In effetti, l'intera operazione lascia stupefatti. Per la scelta, da parte del direttore della Fondazione Solomon R. Guggenheim, Thomas Krenz, di proporre un museo in franchising, cioè con la stessa tecnica con la quale si concedono le licenze per realizzare nel mondo i fast food della McDonald’s o di Pizza Hut. E per aver la Municipalità evitato, in una città come Bilbao in grave decadenza finanziaria e produttiva, le politiche tradizionali consistenti nella creazione di posti di lavoro nell'industria, per realizzare, invece, un museo in grado di catalizzare beni immateriali, cioè pubblicità e flussi culturali.

Vi é, poi, il prodigio di aver dato forma a una scultura irripetibile, composta da migliaia di componenti ognuno diverso dall'altro.
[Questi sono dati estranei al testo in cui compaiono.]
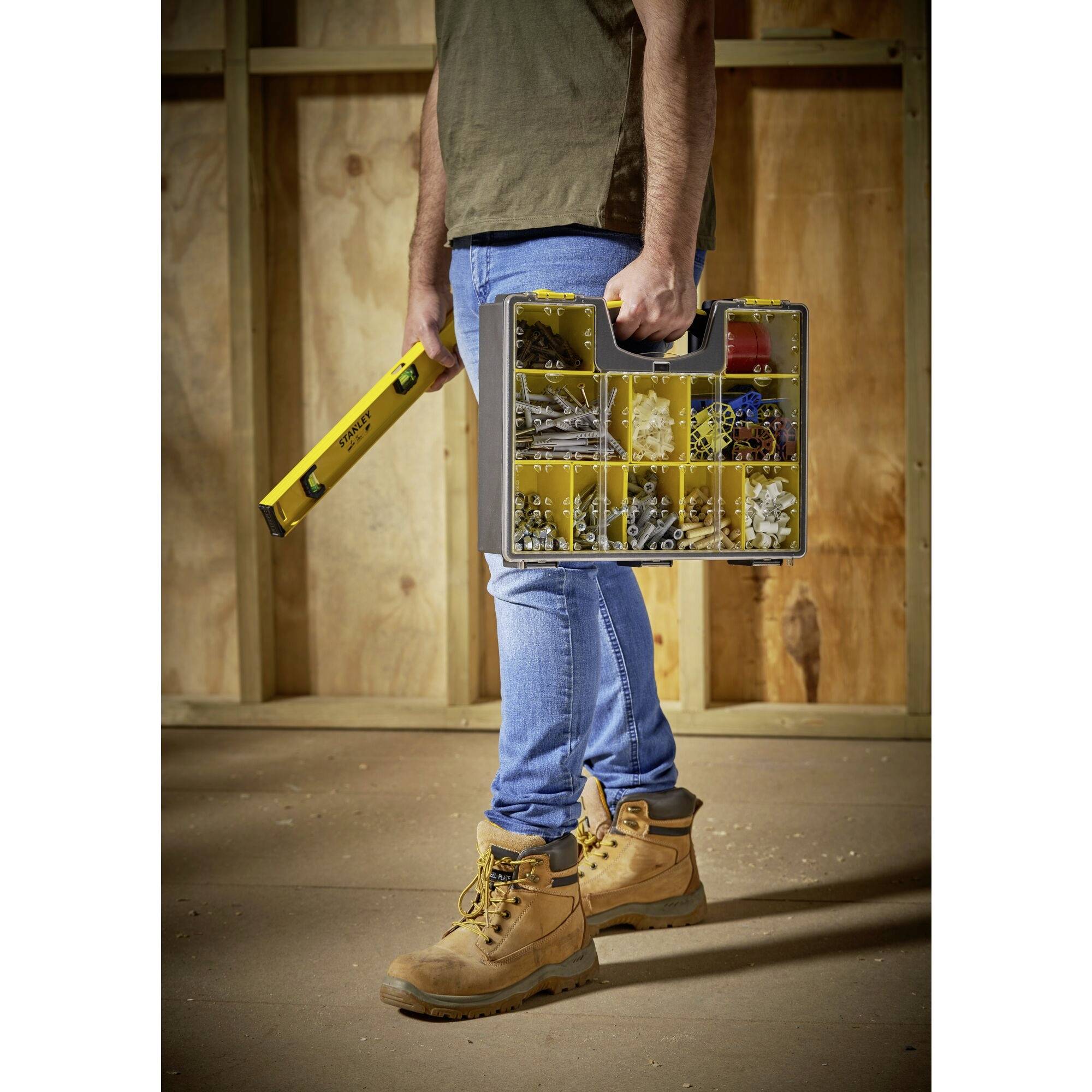 A person is carrying a toolbox with various screws and nails, along with a spirit level. They are standing in an unfinished room.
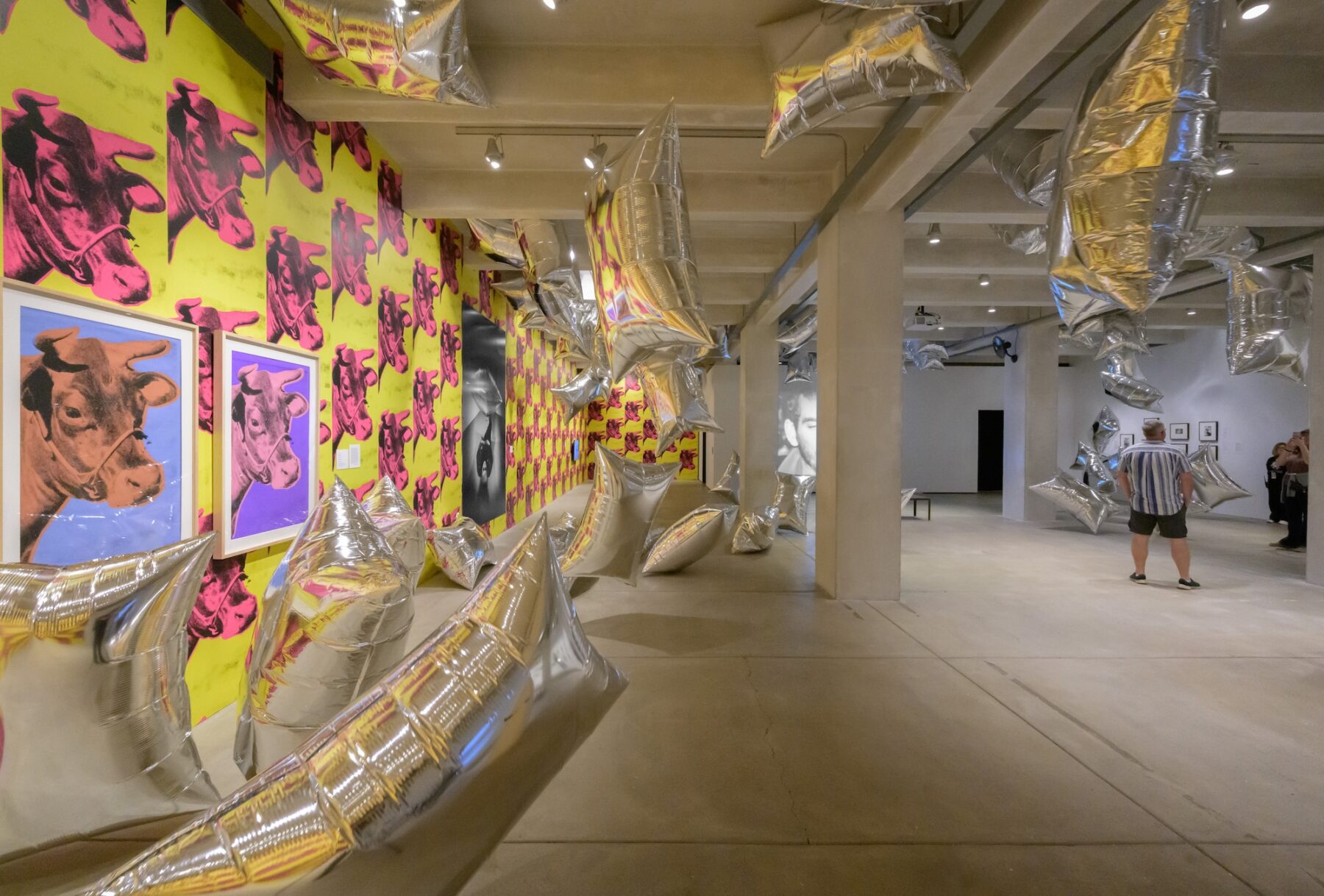 A art gallery with cement ceiling and floor, the left wall is covered in wallpaper depicting pink cow heads on a yellow background while the right wall is a clean white. Two people observe large reflective pillow shaped balloons drifting across the room.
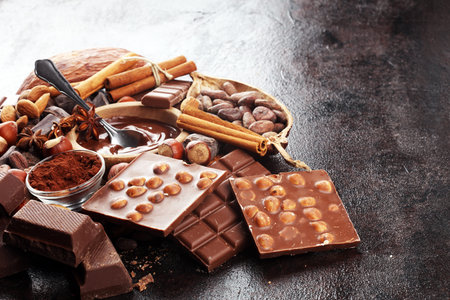 Chocolate bar pieces and melting swirl cocoa. Sweet food photo concept. The chunks of broken...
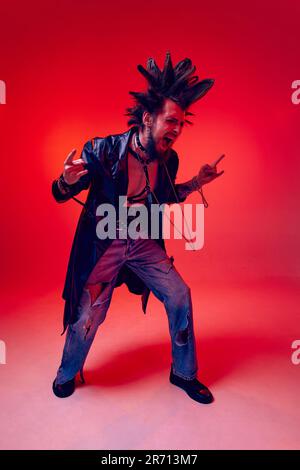 Porträt eines jungen Punk in außergewöhnlicher Kleidung, Frisur und Make-up vor rotem Studiohintergrund in Neonlicht Stockfoto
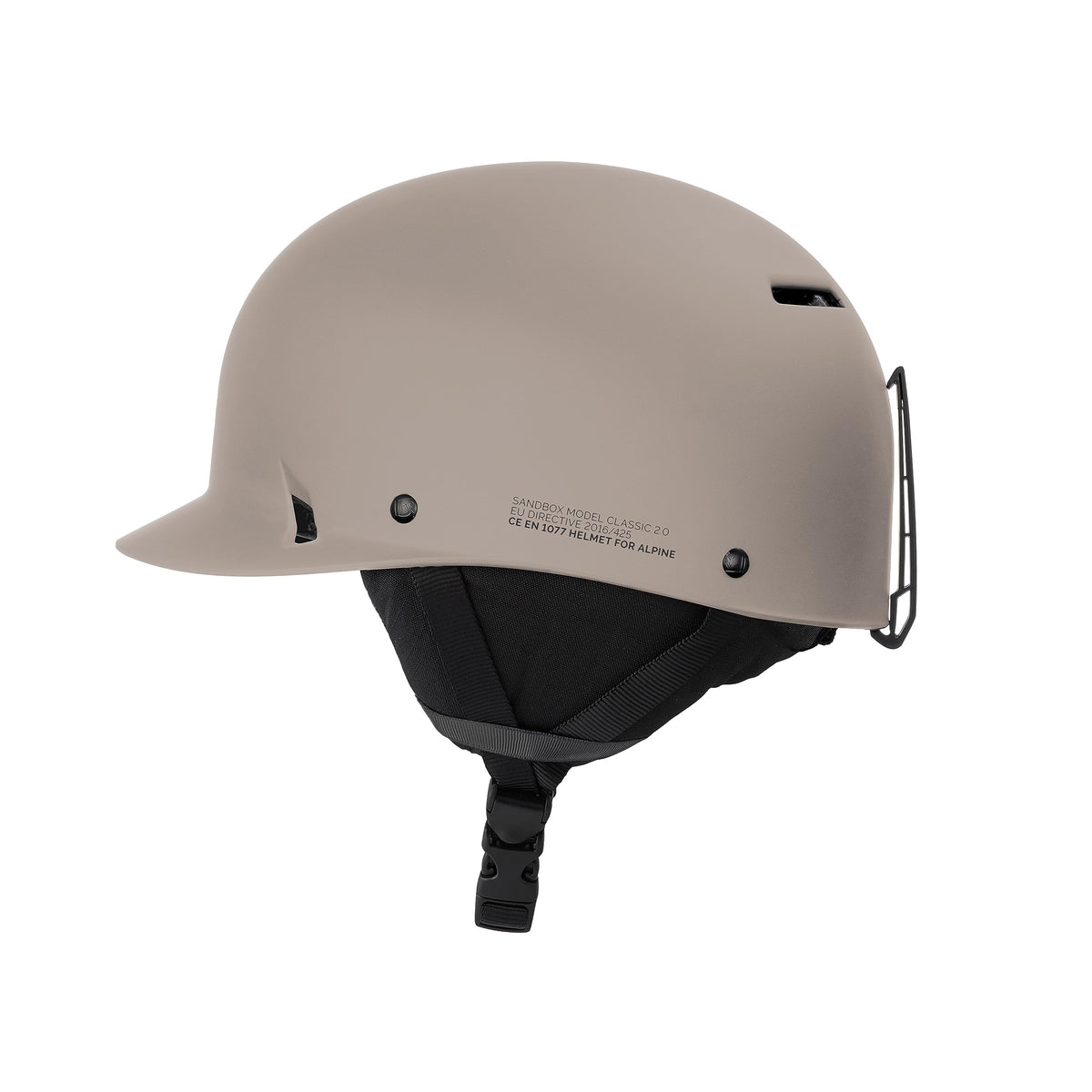 Matte beige snow helmet side profile with vent openings and chin strap.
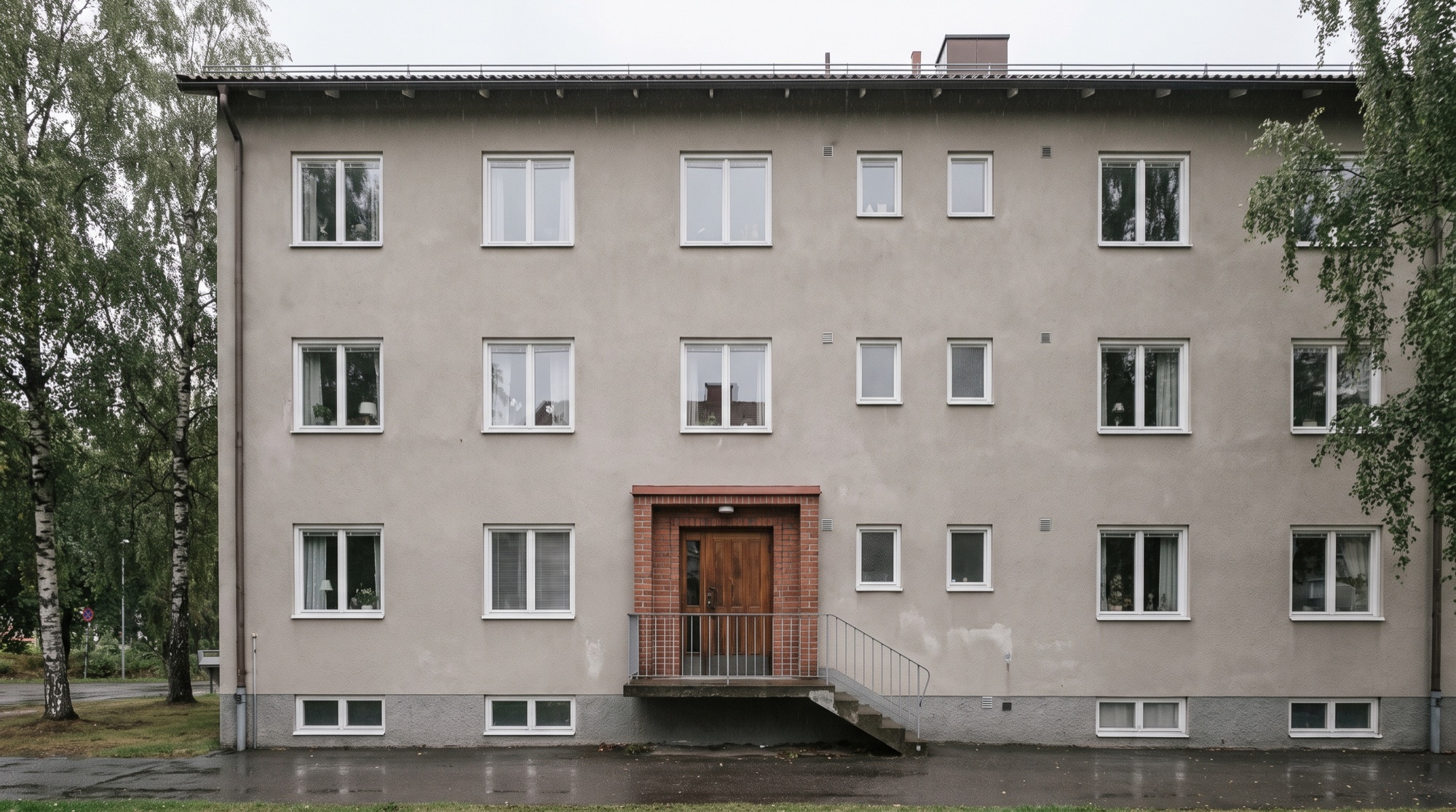 Flerbostadshus från 1960-talet med tegelinramad entré och trappa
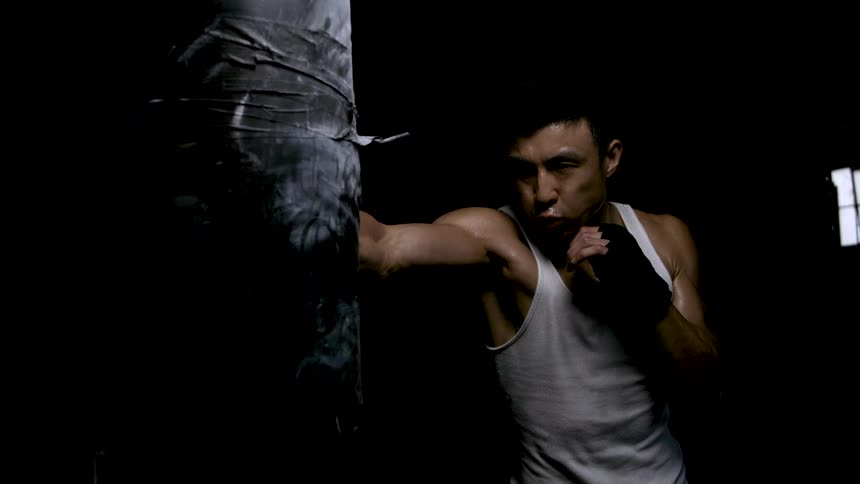 The man is punching the heavy bag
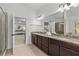 Bathroom boasts double sinks, tiled floors, granite countertops, and a separate shower at 1345 Hilltop Overlook Dr, Marietta, GA 30062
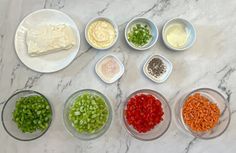 seven bowls filled with different types of food on top of a marble countertop next to each other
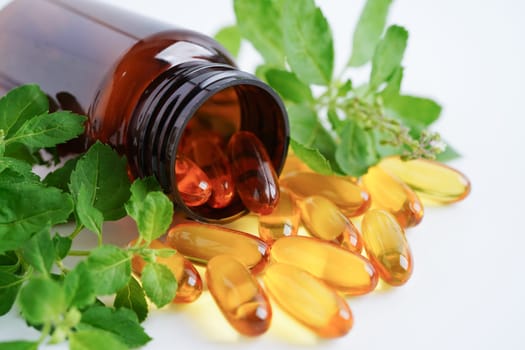 Alternative medicine herbal organic capsule with vitamin E omega 3 fish oil, mineral, drug with herbs leaf natural supplements for healthy good life.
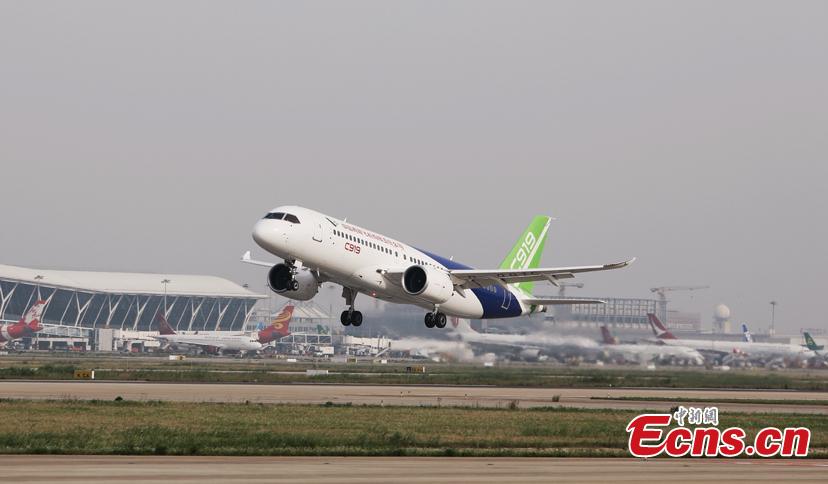 China\'s first domestically made large passenger aircraft C919 takes off from the Shanghai Pudong International Airport, June 26, 2018. C919 made trial flight again. (Photo: China News Service/Yin Liqin)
Che Gehry realizza, almeno in teoria ( in pratica si opterà per tecniche più tradizionali) attraverso l'uso di strumentazioni elettroniche che veicolano il passaggio di informazioni dai plastici di studio ai disegni esecutivi e da questi alle macchine che automaticamente realizzano i componenti dell'edificio. "To built the unbuildable" afferma Catherine Slessor sul n.1210 del The Architectural Review. E Joseph Giovannini su Architecture: " The computer that has made clouds, waves, and mountains scientifically intelligible, and chaos science possible, is the same instrument that made Gehry’s tumult practicable. The building exemplifies the shift from mechanics to the electronics of our postindustrial age"43.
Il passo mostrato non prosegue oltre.